As capo pointed out in a comment in an earlier, unrelated post, the title of this book would make one think it is just another of the millions of get-rich-quick recipes that work only for the authors of those recipes. But, this book is absolutely not like that. It is filled with solid and valuable life management principles, including:
- How to really set goals (Mr. Ferriss talks about setting Exciting Goals, and gives us methods of working through the identification and implementation of those goals).
- Eliminating tasks and activities that do not serve you well.
- Using the Pareto Principle (the 80-20 Rule) to focus on the 20% of the tasks and clients (and …) that give you 80% of your profits/benefits, and to eliminate or downplay the 20% that give you 80% of the headaches without corresponding gains.
- Sensibly outsourcing things you don’t want to do and that suck up your time (or things that have been on your To Do list forever).
- Avoiding the wasting of your time from soaking up so much information that does not serve you well. He notes that so many of us spend so very much time checking out news sources on the internet, reading books that are not worth our time, and filling our heads with useless information. This sounds somewhat at odds with my post on Being a Continuous Learner, which describes how leaders like Jeff Immelt and Steve Jobs are voracious readers and how they benefit from that. But, Ferriss is very much pro-learning, just anti-wasting-time. After reading his thoughts on this, I have killed off half a dozen blog feeds in my Google Reader to sites that posted tons of posts but delivered little direct value to me. I am simply not going to waste my time looking at their posts again. One of these sites was in the links section on this blog’s sidebar, but it ain’t there now. I may kill off another couple for the same reason.

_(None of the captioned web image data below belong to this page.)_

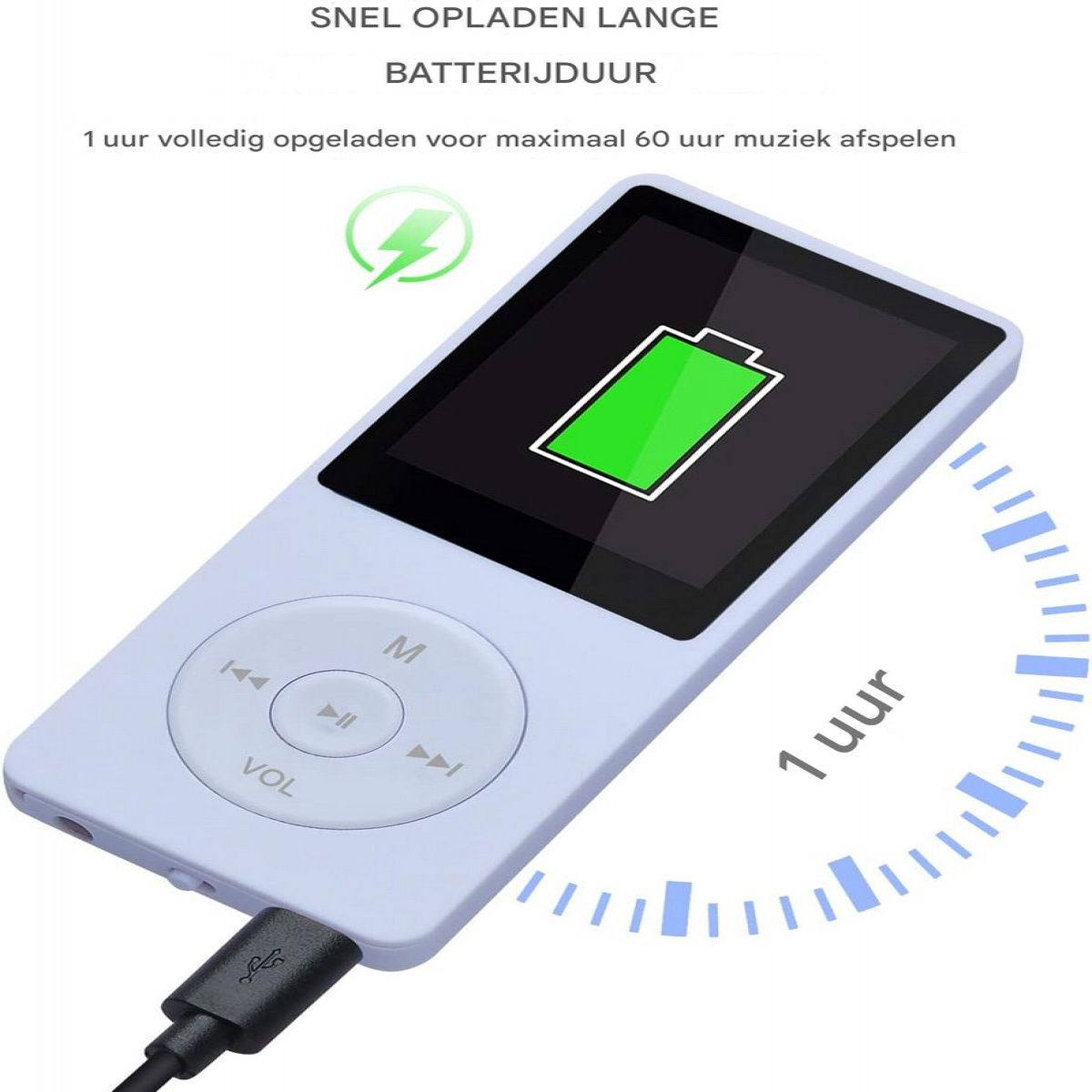 Ein weißer MP3-Player wird über USB aufgeladen; die Anzeige zeigt eine grüne Batterie und Text auf Niederländisch.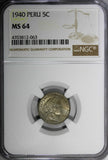 PERU Copper-Nickel 1940 5 Centavos NGC MS64 TONING TOP GRADED KM# 213.2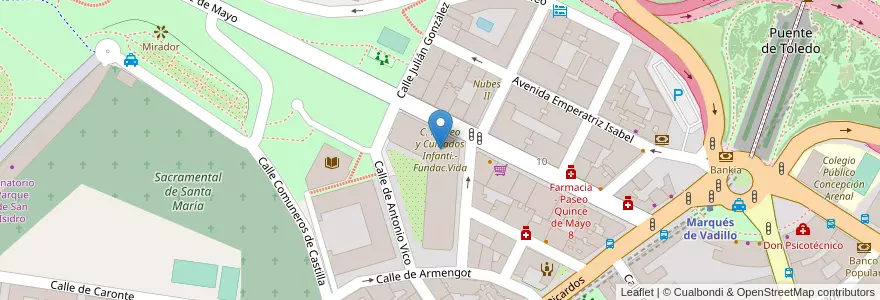Mapa de ubicacion de C. Recreo y Cuidados Infanti.-Fundac.Vida en Испания, Мадрид, Мадрид, Área Metropolitana De Madrid Y Corredor Del Henares, Мадрид.
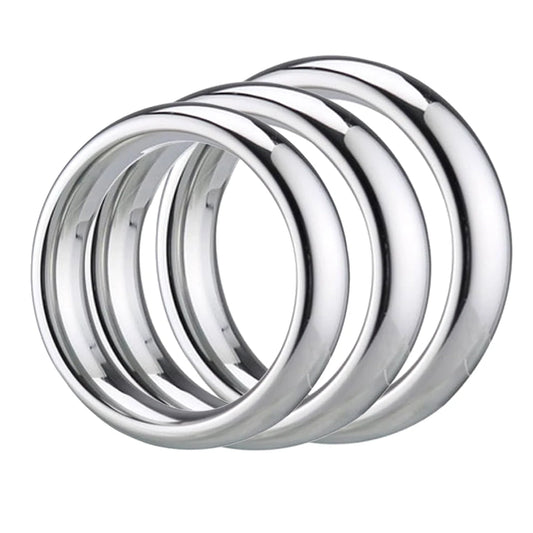 Calexotics Silver Ring 3 Piece Set Metal Penis Halkası Seti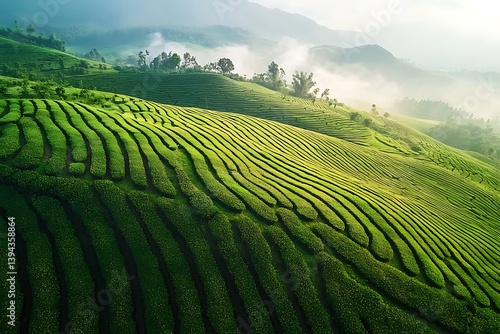 Obraz na płótnie Lush green tea plantation covering rolling hills in the morning sun w salonie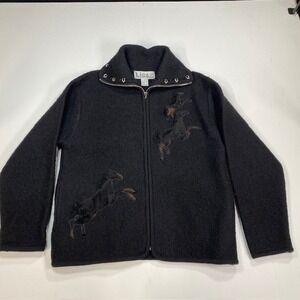 Lisa International Black Boiled Wool Full Zip Jacket with Horse Applique Size‎ L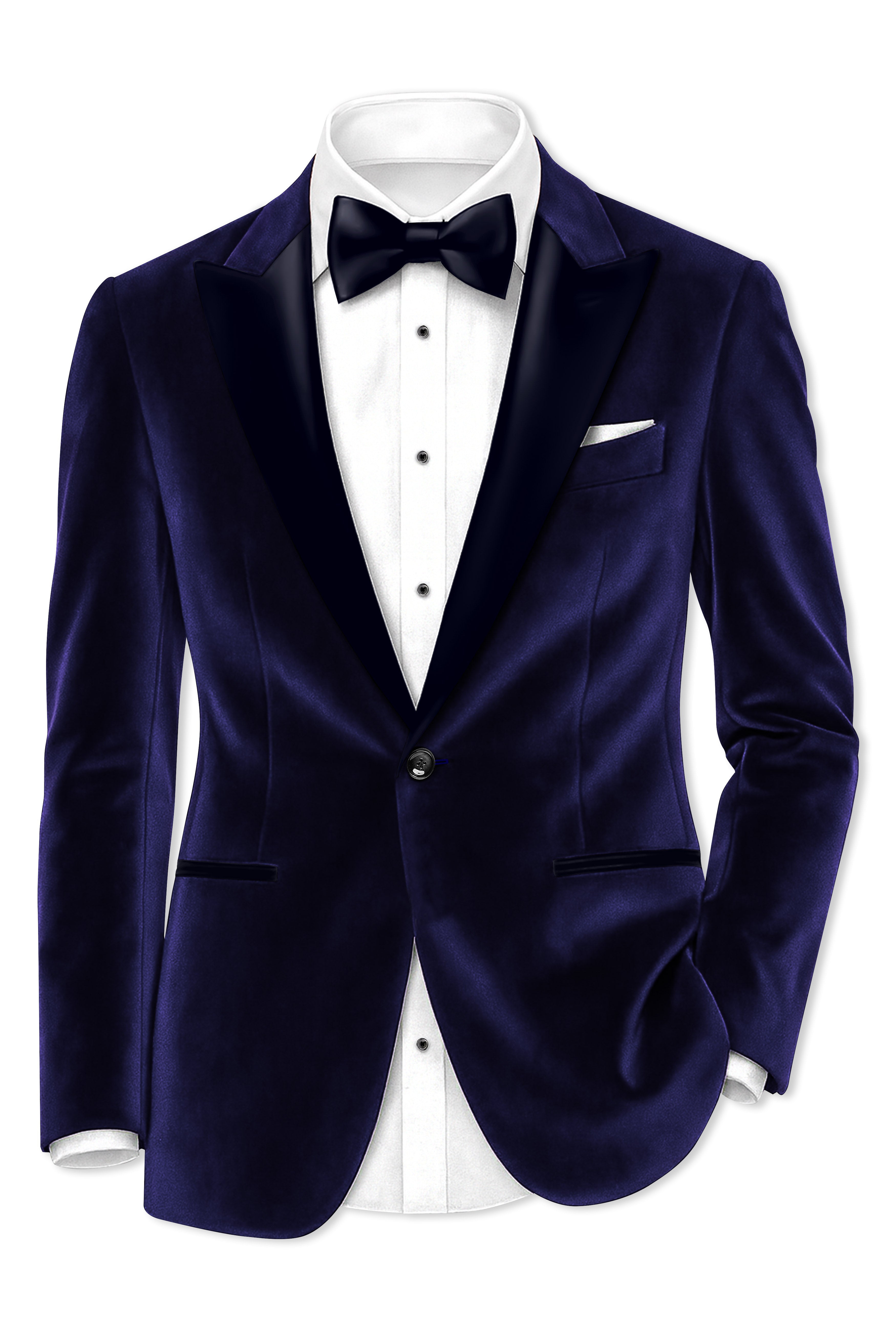 Azurion-Royal Blue With Blue Peak Lepal Velvet Tuxedo Blazer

- Using automation to reduce time spent on tasks.
The first half or so of the book contains this type of information, while the latter parts of the book describe how to make money to support a new lifestyle, if desired. (There are some really good tips in there, and I may well try some of them out at some point.)
On top of all the great, well-written detail that Ferriss provides, he throws in neat unrelated freebies as well, such as how to speed read. But, if you pay no attention to the latter part of the book, you will still get more than your money’s worth from the first half of the book. By the way, if you are a retiree, like I am, you may be interested in a chapter he sneaks in near the end of the book: “Filling The Void.” I personally don’t have a void to fill, but this chapter was still a great read.
I am not alone in being impressed with this book. It is getting great reviews from all over the web. The reviews on the Amazon site are pretty spectacular, too. Jack Canfield says “This will be huge.” Dr. Stewart Friedman, adviser to Jack Welch, says “This is a whole new ballgame.”
A while back I wrote a post entitled Is GTD a dying trend? I didn’t know anything about Ferriss’ book at the time, but my sense was that something like it is needed. My sense was, and is, that millions have implemented GTD, have found it to be helpful, but still feel that their lives are crammed with too much crap and unimportant stuff. I have been a huge fan of David Allen’s Getting Things Done: The Art of Stress-Free Productivity for 5 years, but I must say this: if you are only willing to buy one of these two books, make it Ferriss’ instead of Allen’s.
I am grateful to Tim Ferriss for making this phenomenal book available. I expect I will read it several times, and I am ready to start my second reading of it now, this time taking a lot of notes and working through all of the exercises.